Recognition based on partial information

I am involved in the European project RESPITE which is concerned with speech recognition when some of the underlying data is missing or obscured. Within this project, there are a number of ongoing open research areas:

• Features for missing data recognition: Partners Sheffield University have pioneered the use of missing feature techniques to recognize speech even when certain frequency bands are not available. This project would involve reproducing their results (they make some of their software available), then investigating the effect of using different feature representations, e.g. by filtering conventional spectral filters along the time and frequency axes.
• Tagging speech and background: The missing-data approach relies on some other mechanism to indicate which features are reliable and which should be considered obscured. So far, we have used relatively crude signal-to-noise ratio estimates for this. A more sophisticated approach would be to use some local property of the signal, such as periodicity, as the basis for these masks. This project would adapt the weft representation to provide masks for a missing-data recognizer.

Unsupervised learning of audio signals

One of the main research themes of LabROSA is automatic extraction of audio content structure for use in indexing and retrieval. The ideal is to simulate the skills of a human 'librarian' who will preview a large archive of multimedia material, figure out the significant, recurrent content, and build an appropriate index.

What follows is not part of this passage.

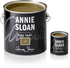 Olive Wall Paint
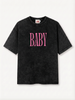 Baby Oversized Tee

An important step towards this goal would be the development of algorithms that can recognize recurrent patterns or structures in large audio databases without any manual input or labels - i.e. via unsupervised learning. There are several threads I would like to pursue:

• Unsupervised HMM modeling: HMMs are typically used in speech recognition to model words in terms of specific, predefined pronunciations i.e. 'supervised' training. They can, however, also be applied without any constraints on the content, based only on implicit clustering. This project involves modeling speech and other signals via HMMs without label constraints to see what kind of patterns will emerge.
• Acoustic event detection and classification: The auditory system is particularly sensitive to sudden changes - particularly increases in energy - because these are very often indicative of significant events in the environment. A starting point for defining classes of events in audio archives would be to build an 'onset detector' that lays down a set of landmark times throughout the archives, then to extract features and perform clustering on these different discrete events. This project will pursue this idea on an archive of recorded broadcasts.
• Detection of exact repeats: Broadcasts in particular often contain segments that are repeated verbatim at different times. Examples include theme music, news clips and of course commercials. It should be fairly easy to detect these repetitions, although the problem can rapidly become intractable for a large archive. This project will examine several different approaches to detecting these repeated episodes, as well as looking at the robustness (misses versus false alarm performance) of the techniques.